Started by Randy Yates November 24, 2020
I've notieced that in order to decode a page of in-band data, the linux
kernel code first computes the out-of-band ECC bytes on the given
in-band data (calc_ecc). It is also passed the received oob data
recv_ecc. 

If (byte-by-byte) the calc_ecc does not match the recv_data, then
the page is decoded. 

Why not compute the decoded ECC and compute the locator
vector/polynomial right off? Are these operations much
more expensive than encoding and comparing?

--Randyh

Randy Yates  <yates@digitalsignallabs.com> wrote:

>I've notieced that in order to decode a page of in-band data, the linux >kernel code first computes the out-of-band ECC bytes on the given >in-band data (calc_ecc).

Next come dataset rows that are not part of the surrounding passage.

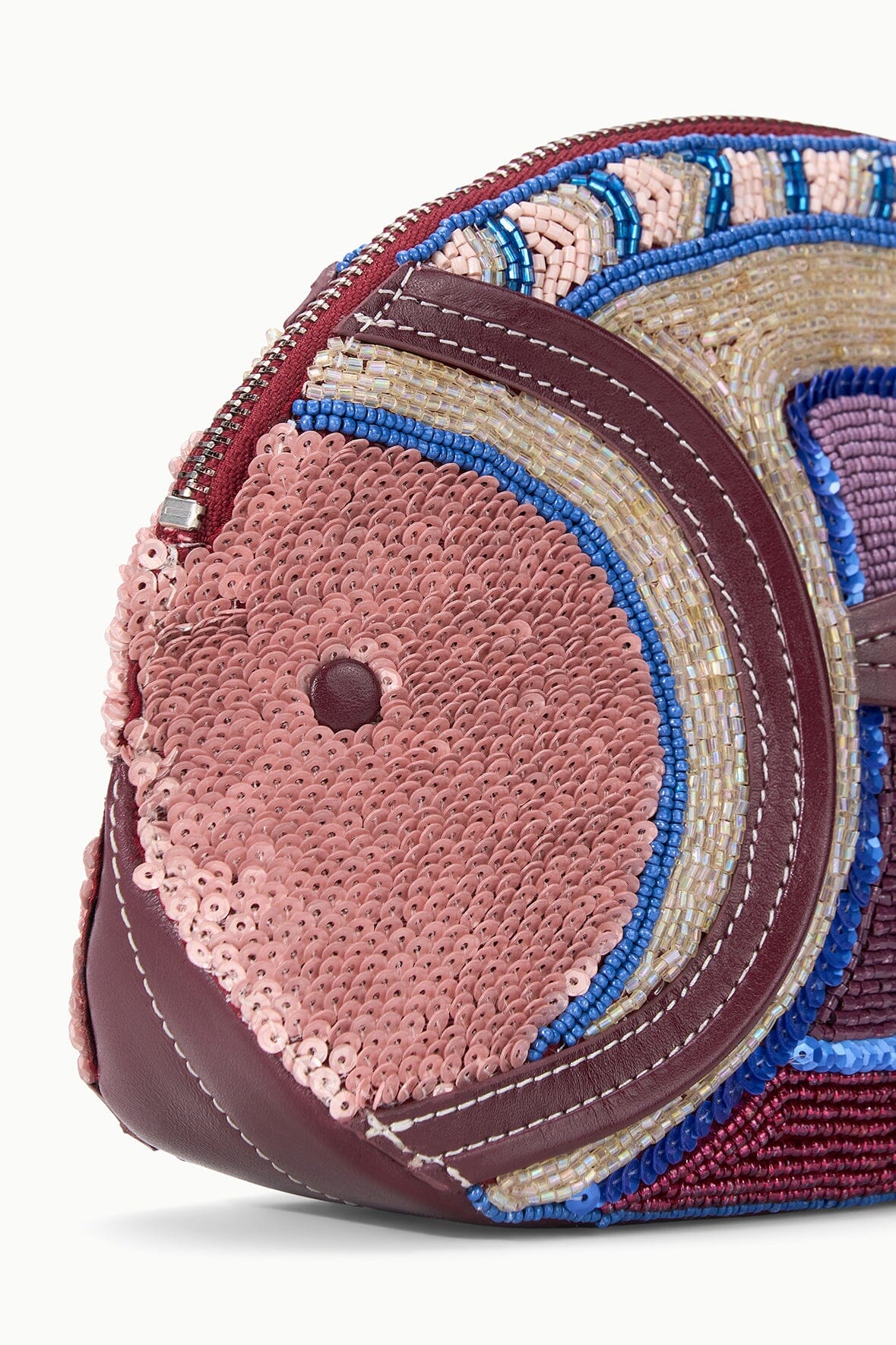 Pesce Beaded Clutch Ultraviolet | STAUD Popular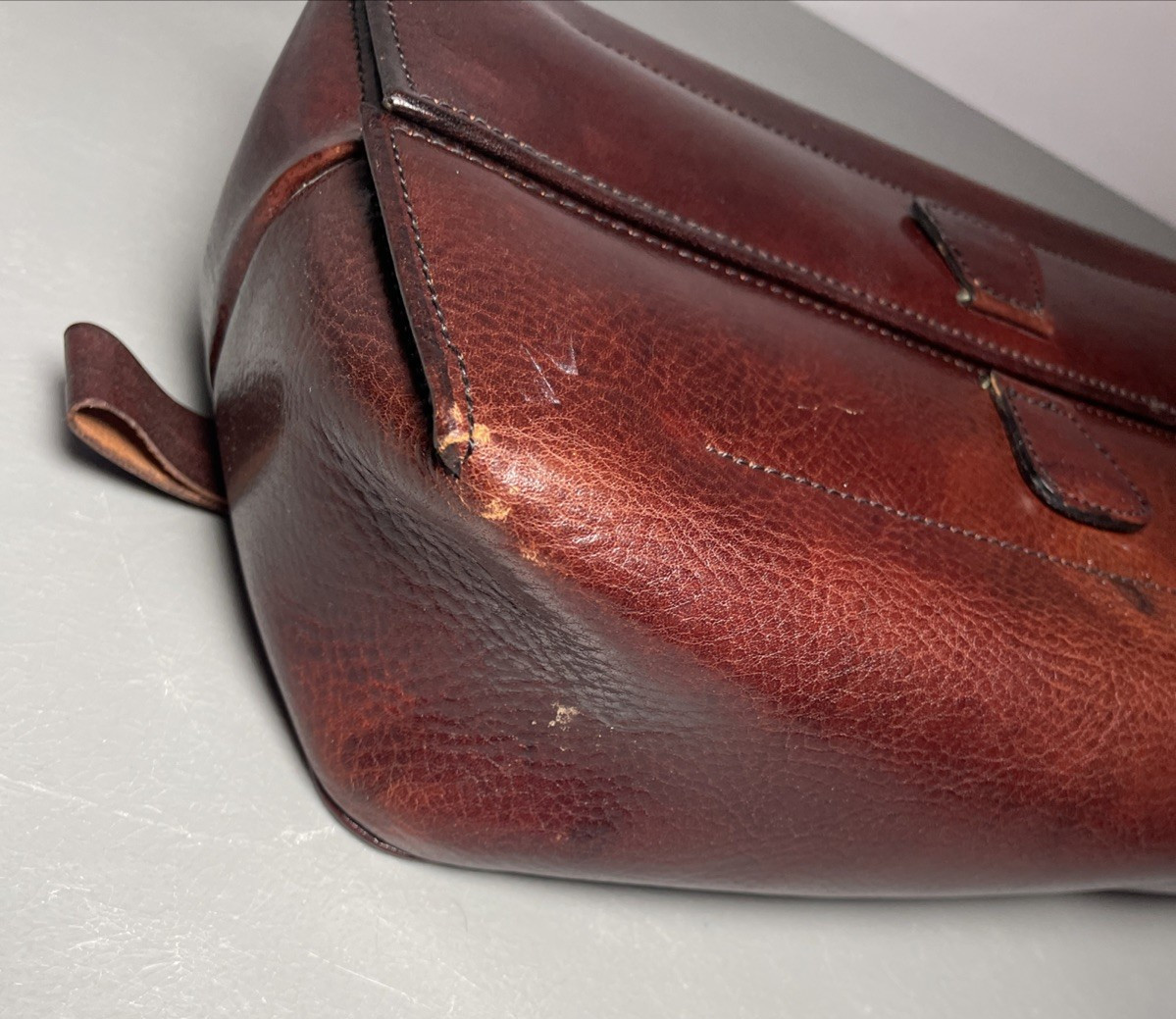Vintage Bosca UtiliKit Bag Leather Toiletry Travel Kit 10”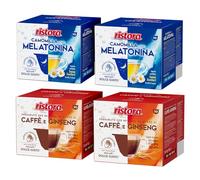 Set 80 Capsule Ristora Compatibili con le Macchine ad uso domestico DOLCE GUSTO* 40 Camomilla 40 Ginseng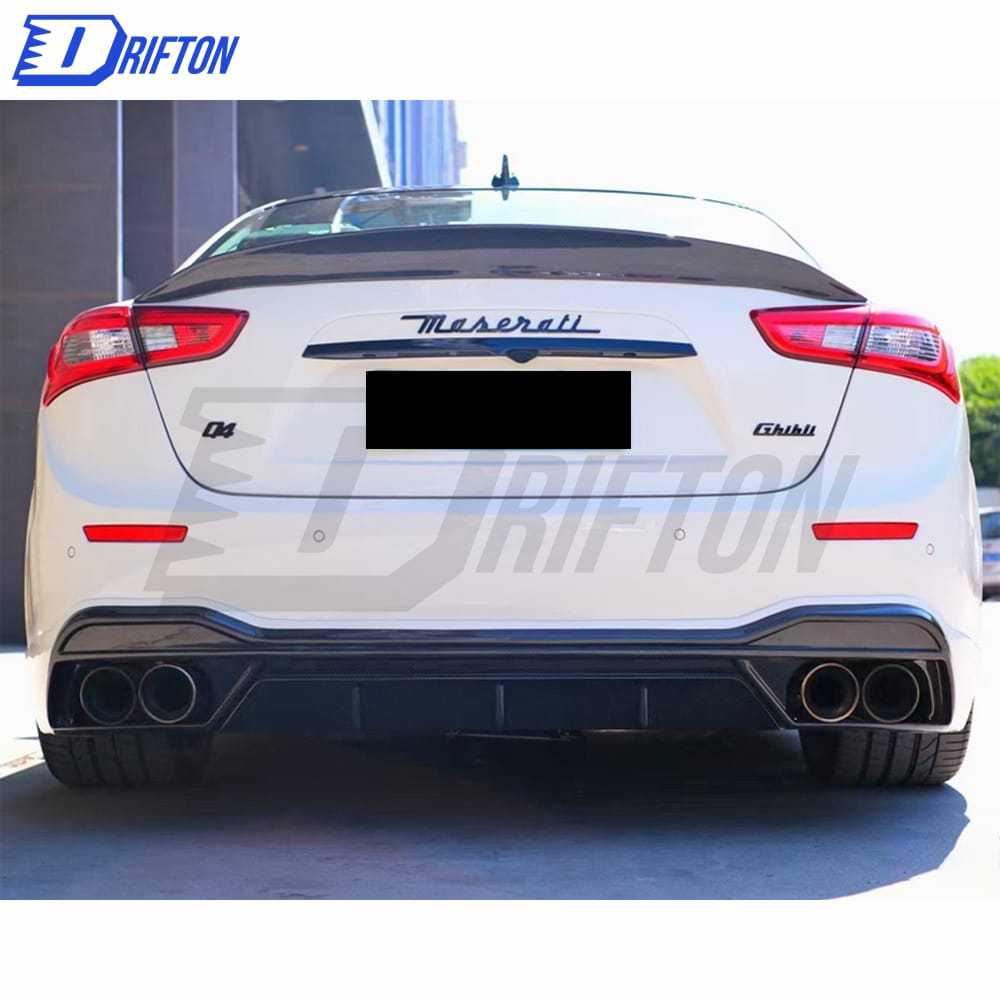 Paktechz Style Half Carbon Fiber Rear Diffuser For Maserati Ghibli 2014-2017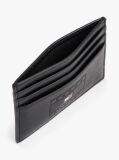 Black Casual Leather Credit Card Holder  Men
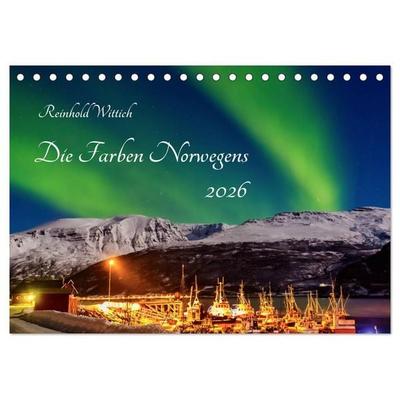 Die Farben Norwegens (Tischkalender 2026 DIN A5 quer), CALVENDO Monatskalender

It is also passed the received oob data >recv_ecc. > >If (byte-by-byte) the calc_ecc does not match the recv_data, then >the page is decoded. > >Why not compute the decoded ECC and compute the locator >vector/polynomial right off? Are these operations much >more expensive than encoding and comparing?
TL;dr it comes down to evaulating a lower-degree polynomial, thus requires less computation. Assume it is a systematic (n,k) BCH code, it is most efficient to re-encode the message part of the codeword, and then XOR the resulting (n-k) check symbols with the (n-k) received check symbols. Then the syndrome (power sum symmetric function) can be computed by evaluating using these (n-k) polynomial coefficients instead of all n coefficients. The quick exit if there is no mismatch is an optimization.